To investigate the effect of a graupel particle experiencing multiple collisions with other ice particles in the cloud, we conducted experiments in which a 2.45 mm graupel particle and a 5 mm ice particle collided up to six times. The multiple-collision experiments were performed between graupel particles and ice spheres at the highest CKE, i.e., at a fall height of 80 cm, in order to account for the maximum possible number of fragments that produced. The number of collision repetitions was determined based on the observation that no new fragments were observed (considering the detection limit of approx. 25 µm) after a certain number of collisions, regardless of further collisions. For each subsequent collision, a new frozen drop was used as the falling particle. The fall tube ensured that the falling particles hit the fixed one at approximately the same position.
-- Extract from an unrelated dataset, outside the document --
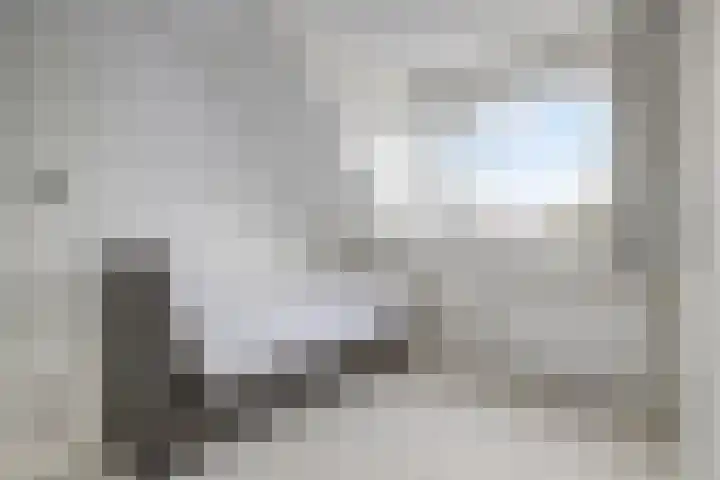 Componistensingel 33 Veenendaal thumbnail 23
In total, we conducted 15 series of experiments (as listed in Table 2). Each series of experiments consisted of at least three individual collisions. The colliding particles were either ice spheres and ice spheres (II), graupel and graupel (GG), or graupel and ice spheres (GI). Particle sizes, densities, and the corresponding CKEs for each experimental series can be taken from Table 2. Uncertainties associated with these quantities were 2.5 % for the size and 4 % for the density and for CKE. CKEs for graupel particles and spheres match the atmospheric values of these sizes when calculating the fall velocities using, e.g., the parameterization in Heymsfield et al. (2020), although they represent the highest end of the possible natural collision kinetic energies.

The ice fragments generated by collision were collected into a Petri dish that was filled with food grade mineral oil (density equal to 0.78 g cm−3 at room temperature) and placed at the bottom of the collision tube. The ice fragments were then analyzed under a microscope. In the case of multiple collisions, the Petri dish was immediately removed after the collection of fragments during each collision, and the images were analyzed at the end of the experiment. For all collisions, the total number of fragments and the fragment sizes were determined following the procedure described in Grzegorczyk et al. (2023). We note here that the number of fragments with detectable sizes was low for all collision types; therefore, it was not possible to provide any fragment size distribution information from this study. Instead, we will provide the minimum and maximum fragment sizes detected for each collisions. The size resolution of the applied optical setup was 3.8 µm per pixel. Nevertheless, we could not prevent the oil bath from being contaminated by dust particles (see Fig. 8b in Grzegorczyk et al.2023). This results in a detection limit for our analysis of 25 to 30 µm. Ice fragments larger than this size could be identified as ice particles with high reliability.

4 Results and discussion

4.1 Number of fragments after collision

Figure 2 shows the variation in the average number of fragments generated during the collisions as a function of the CKE. The ice sphere–ice sphere collisions are presented in blue in Fig. 2a, whereas graupel–graupel and graupel–ice sphere collisions are shown in green in Fig. 2b. The average number of fragments released in each series of experiments is also provided in Table 3 along with the associated maximum and minimum values.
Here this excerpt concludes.